The new premium service was launched in the Twin Cities area of Minneapolis-St. Paul, and marks a leap in connection speeds for Comcast. The new service offers speeds starting at 50 megabits per second, compared with the previous fastest connection speeds of 16 mb per second.

Comcast said the new service is aimed at residential and business customers. But at $149.95 a month, compared with about $50 a month for its usual service, it is likely to attract businesses or very heavy residential users, such as video game players or movie download fans.

It shares the Twin Cities market with regional phone company Qwest Communications International Inc.

Comcast Chief Executive Brian Roberts unveiled plans for the new super-fast service at the Consumer Electronics Show in January, describing it as "wideband," and the company said it plans to reach around 20 percent of its subscriber base with the service by the end of the year.

The company plans to increase speeds on the service, eventually offering speeds of 100 mb to 160 mb per second.

The technology that enables Comcast to increase download speeds is called 'channel bonding' and uses cable pipes more efficiently to deliver video, Internet and voice.

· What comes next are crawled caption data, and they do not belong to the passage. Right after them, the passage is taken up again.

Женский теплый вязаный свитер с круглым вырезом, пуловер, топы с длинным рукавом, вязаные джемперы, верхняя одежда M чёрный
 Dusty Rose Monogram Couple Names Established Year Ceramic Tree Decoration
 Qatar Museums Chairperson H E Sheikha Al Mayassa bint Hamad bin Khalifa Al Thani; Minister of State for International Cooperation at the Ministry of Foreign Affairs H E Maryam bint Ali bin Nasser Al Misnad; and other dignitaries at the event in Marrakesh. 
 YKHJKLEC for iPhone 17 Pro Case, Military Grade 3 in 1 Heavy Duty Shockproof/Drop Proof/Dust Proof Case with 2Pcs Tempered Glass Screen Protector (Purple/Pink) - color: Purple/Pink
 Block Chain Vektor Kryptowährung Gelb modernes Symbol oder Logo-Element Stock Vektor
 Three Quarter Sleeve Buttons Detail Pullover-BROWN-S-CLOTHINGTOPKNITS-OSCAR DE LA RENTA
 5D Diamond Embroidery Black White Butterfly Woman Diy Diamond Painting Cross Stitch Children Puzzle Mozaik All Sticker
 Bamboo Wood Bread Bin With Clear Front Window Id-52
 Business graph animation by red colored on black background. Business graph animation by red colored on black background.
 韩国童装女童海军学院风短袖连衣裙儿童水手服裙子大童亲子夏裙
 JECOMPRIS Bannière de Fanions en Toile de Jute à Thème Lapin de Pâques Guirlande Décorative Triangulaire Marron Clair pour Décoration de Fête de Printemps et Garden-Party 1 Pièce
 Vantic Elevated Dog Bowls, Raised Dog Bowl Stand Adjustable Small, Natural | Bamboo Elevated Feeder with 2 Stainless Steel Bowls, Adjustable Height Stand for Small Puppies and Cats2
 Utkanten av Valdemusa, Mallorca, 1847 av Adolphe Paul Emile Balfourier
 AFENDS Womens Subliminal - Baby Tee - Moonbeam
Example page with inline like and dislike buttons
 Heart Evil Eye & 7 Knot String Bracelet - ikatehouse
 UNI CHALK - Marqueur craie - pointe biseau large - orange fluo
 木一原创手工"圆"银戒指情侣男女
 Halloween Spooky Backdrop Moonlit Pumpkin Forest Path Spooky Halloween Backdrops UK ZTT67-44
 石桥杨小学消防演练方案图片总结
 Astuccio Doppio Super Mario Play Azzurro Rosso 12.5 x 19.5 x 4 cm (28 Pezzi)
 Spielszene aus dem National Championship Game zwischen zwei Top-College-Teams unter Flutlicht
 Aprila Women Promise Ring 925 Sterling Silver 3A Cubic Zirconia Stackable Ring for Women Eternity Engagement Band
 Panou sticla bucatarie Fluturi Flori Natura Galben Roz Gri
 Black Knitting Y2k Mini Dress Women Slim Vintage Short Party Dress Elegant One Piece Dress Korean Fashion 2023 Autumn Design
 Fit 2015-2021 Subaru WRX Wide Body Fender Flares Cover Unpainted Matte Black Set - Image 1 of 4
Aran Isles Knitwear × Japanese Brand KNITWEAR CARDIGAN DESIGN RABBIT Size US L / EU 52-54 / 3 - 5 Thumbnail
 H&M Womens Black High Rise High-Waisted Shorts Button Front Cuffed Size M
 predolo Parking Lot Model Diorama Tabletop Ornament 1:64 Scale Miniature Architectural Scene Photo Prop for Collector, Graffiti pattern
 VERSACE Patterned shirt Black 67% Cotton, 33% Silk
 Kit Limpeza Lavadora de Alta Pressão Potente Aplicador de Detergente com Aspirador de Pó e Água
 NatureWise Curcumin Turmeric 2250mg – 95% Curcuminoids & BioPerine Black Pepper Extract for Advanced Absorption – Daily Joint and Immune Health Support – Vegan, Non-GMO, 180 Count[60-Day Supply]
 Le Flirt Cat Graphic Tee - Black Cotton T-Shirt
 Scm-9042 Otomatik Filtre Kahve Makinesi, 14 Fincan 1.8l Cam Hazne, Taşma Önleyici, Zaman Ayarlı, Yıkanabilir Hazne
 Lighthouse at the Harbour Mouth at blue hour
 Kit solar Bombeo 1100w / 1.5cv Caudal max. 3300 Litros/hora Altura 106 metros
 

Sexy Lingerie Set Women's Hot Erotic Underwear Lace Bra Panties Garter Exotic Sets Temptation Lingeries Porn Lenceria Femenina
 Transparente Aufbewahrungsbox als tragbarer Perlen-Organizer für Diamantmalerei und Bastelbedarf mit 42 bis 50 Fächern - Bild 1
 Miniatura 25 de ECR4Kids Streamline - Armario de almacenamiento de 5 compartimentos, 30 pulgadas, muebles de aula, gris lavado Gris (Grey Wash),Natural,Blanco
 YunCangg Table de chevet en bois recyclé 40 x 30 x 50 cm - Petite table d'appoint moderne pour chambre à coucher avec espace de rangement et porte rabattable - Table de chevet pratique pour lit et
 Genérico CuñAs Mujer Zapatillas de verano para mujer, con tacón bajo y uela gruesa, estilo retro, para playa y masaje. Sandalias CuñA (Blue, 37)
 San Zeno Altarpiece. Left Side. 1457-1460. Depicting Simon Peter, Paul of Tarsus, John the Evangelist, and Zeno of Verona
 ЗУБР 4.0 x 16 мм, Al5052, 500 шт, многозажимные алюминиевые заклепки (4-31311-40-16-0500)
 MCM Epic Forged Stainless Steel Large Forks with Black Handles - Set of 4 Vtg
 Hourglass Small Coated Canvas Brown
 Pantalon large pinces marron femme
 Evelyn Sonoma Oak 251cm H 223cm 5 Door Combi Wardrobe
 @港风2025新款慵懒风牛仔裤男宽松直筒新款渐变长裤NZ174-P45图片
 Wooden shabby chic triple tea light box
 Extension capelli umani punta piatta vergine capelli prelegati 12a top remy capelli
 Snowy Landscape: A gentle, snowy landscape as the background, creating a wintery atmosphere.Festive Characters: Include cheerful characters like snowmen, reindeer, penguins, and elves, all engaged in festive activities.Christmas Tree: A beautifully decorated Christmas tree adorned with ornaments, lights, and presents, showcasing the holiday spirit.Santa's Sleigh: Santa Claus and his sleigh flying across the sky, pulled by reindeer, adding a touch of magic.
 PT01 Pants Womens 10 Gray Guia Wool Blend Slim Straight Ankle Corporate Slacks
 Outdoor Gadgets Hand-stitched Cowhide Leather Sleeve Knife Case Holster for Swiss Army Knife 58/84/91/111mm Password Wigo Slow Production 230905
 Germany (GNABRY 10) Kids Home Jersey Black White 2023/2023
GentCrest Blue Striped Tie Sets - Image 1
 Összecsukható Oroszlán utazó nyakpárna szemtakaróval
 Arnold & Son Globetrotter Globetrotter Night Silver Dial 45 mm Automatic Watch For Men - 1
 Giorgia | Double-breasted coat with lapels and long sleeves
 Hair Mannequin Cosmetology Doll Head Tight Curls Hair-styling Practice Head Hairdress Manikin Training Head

Comcast's plans came less than a week after the company said it would change the way it manages its network and cooperate to resolve critics' claims it interferes with Internet file-sharing services.

File-sharing services are normally used to distribute content more efficiently by people trying to move large files such as music and movies.

Cable operators are increasingly concerned with improving the efficiency of their cable plants to be able to push more content through their pipes at faster speeds to rival growing competition from telephone companies like Verizon Communications Inc and AT&T Inc.

Verizon is rolling out a new high-tech fiber-optic service (FiOS) both for digital video and super-fast Internet connections up to 30 mb a second.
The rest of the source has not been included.